La lettre s’adresse au ministre de l’Éducation, Bernard Drainville.

Monsieur le Ministre de l’Éducation, en avril 1963, il y a donc 60 ans ce mois-ci, la Commission royale d’enquête sur l’enseignement remettait son premier rapport à Jean Lesage, alors premier ministre du Québec.

Véritable geste révolutionnaire à l’époque, le rapport Parent – du nom du président de la commission – proposait de créer un ministère de l’Éducation afin, entre autres, de permettre à l’État québécois de prendre en charge l’ensemble des écoles du Québec, et surtout, de mettre un terme à la mainmise de l’Église catholique sur l’éducation.

La mise en place des recommandations du rapport Parent a véritablement fait entrer le Québec dans la modernité, entamant un cycle qui allait démocratiser l’enseignement et permettre à des milliers de jeunes d’avoir accès gratuitement à une éducation de qualité, sur l’ensemble du territoire québécois. Je rappellerai également que c’est dans la foulée de ces rapports (il y en a eu cinq) que les écoles polyvalentes, les cégeps et les Universités du Québec ont été créés. Un système d’éducation cohérent et intégré. À la québécoise.

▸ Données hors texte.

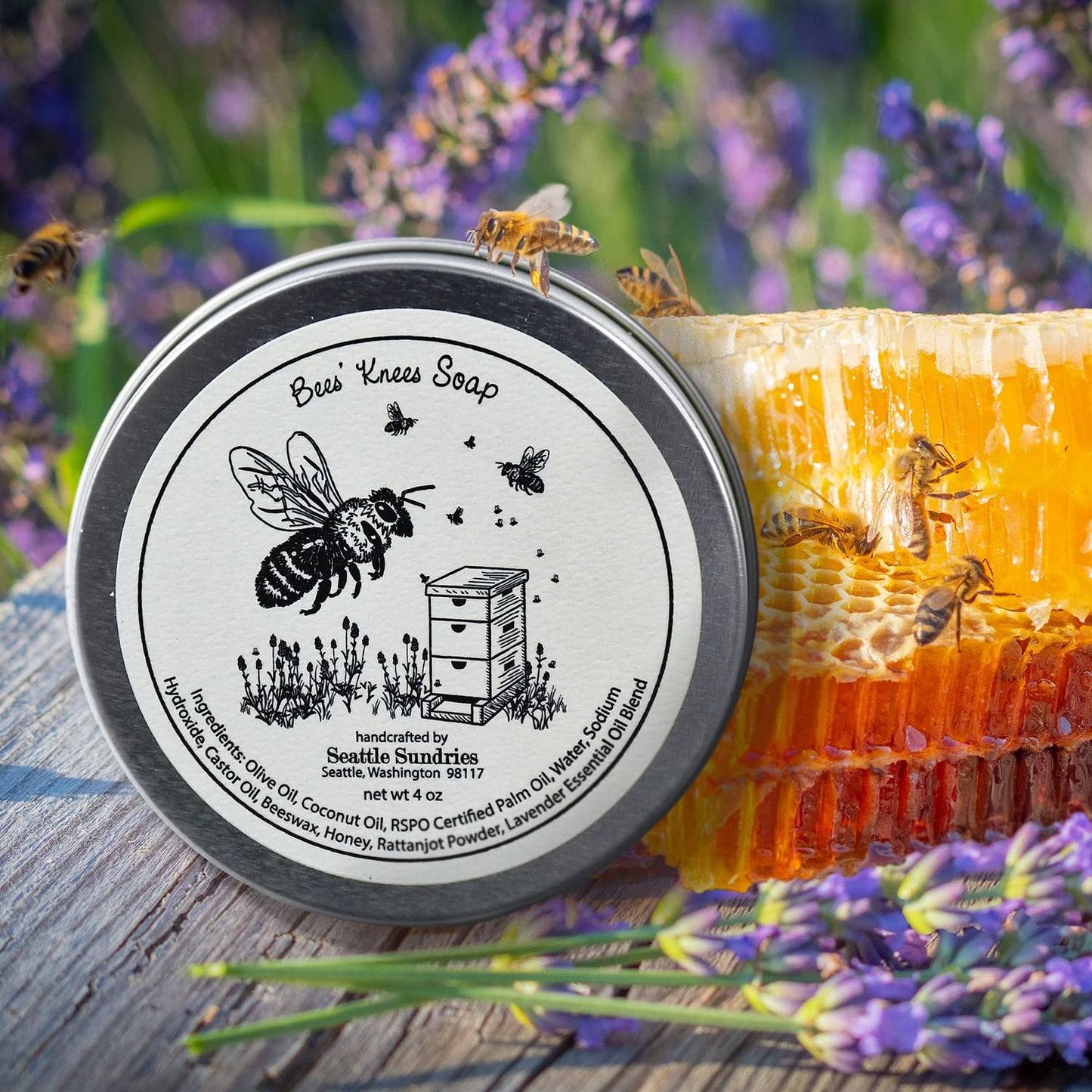 Seattle Sundries Lavender & Honey Soap Bar for Women & Men, 1 (4oz) All Natural Body Bar Soap in a Retro Aesthetic Tin, Fun Bee Themed Gift Idea from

Soixante ans plus tard, qu’en est-il donc de la situation de l’éducation au Québec ? Force est de constater que depuis quelques années les mauvaises nouvelles s’accumulent et que des problèmes refont surface à peu près chaque semaine.

Écoles vétustes, décrochage scolaire, problèmes de financement, manque de personnel, remise en question des programmes de formation des futures enseignantes et futurs enseignants, mauvaise qualité du français des élèves, école à trois vitesses ou ségrégation scolaire ne sont là que quelques exemples des écueils régulièrement identifiés.

Pendant ce temps, le Conseil supérieur de l’éducation multiplie les études. Des chercheurs se penchent sur ces nombreuses difficultés. Des milliers de personnes s’échinent quotidiennement en classe et hors classe afin d’assurer le meilleur cheminement scolaire possible pour nos enfants. Mais le portrait continue d’être alarmant. Que faire alors ?

Une nouvelle commission Parent ?

Monsieur le Ministre, au cours des derniers mois, de nombreuses voix se sont élevées, demandant au gouvernement de mettre en place une véritable réflexion collective sur l’éducation. Une commission Parent 2.0 ? Pourquoi pas ? Diverses organisations ont lancé cet appel. Des intellectuels comme Claude Lessard, Céline St-Pierre, Georges Leroux et même Guy Rocher, membre de la commission Parent dans les années 1960, ont tour à tour pris position en faveur d’une telle réflexion collective. Des chroniqueurs ou des journalistes tels que Normand Baillargeon et Marie-Andrée Chouinard du journal Le Devoir militent en faveur de cette idée. Pourquoi ne pas répondre positivement à cet appel ?

En attendant, face à l’entêtement de votre gouvernement, des organisations citoyennes ont décidé d’unir leurs voix afin de lancer cette réflexion collective à propos de l’éducation au Québec.

Depuis quelques semaines déjà, et pour quelques mois encore, les forums citoyens « Parlons éducation » se tiendront dans diverses villes du Québec afin d’échanger sur des thèmes aussi variés que « la mission de l’école d’aujourd’hui et de demain, l’inclusion sociale et culturelle de toutes les populations scolaires ou encore la démocratisation du système scolaire québécois dans toutes ses composantes ».

Le personnel scolaire, les organisations citoyennes, les élèves, les organisations syndicales et communautaires, les jeunes, les parents, les grands-parents, celles et ceux qui ont à cœur l’éducation y sont conviés.1 Des pistes de solution émergent et des énergies se déploient lors de ces rencontres. Saurez-vous tendre l’oreille, Monsieur le Ministre ?

Au-delà d’un plan

Un ancien camarade syndicaliste utilisait souvent une image pour témoigner de son découragement quant à la possibilité de véritables changements en éducation au Québec. Il me répétait régulièrement que, depuis trop d’années au ministère de l’Éducation, le changement c’est : « Un trou, une ch’ville. Un trou, une ch’ville. Un trou, une ch’ville ». Une image forte, mais malheureusement tellement près de la réalité.

Monsieur le Ministre, dans une ancienne vie pas si lointaine, où nous nous sommes passablement fréquentés, vous rêviez grand pour le Québec. Très grand même. Aujourd’hui, vous pourriez faire la différence en mettant en place une véritable réflexion collective qui va au-delà d’un énième plan concocté au ministère ou dans les officines du gouvernement.

Vous souhaitez faire entrer l’éducation au XXIe siècle ? Allez-y, voyez grand, Monsieur le Ministre.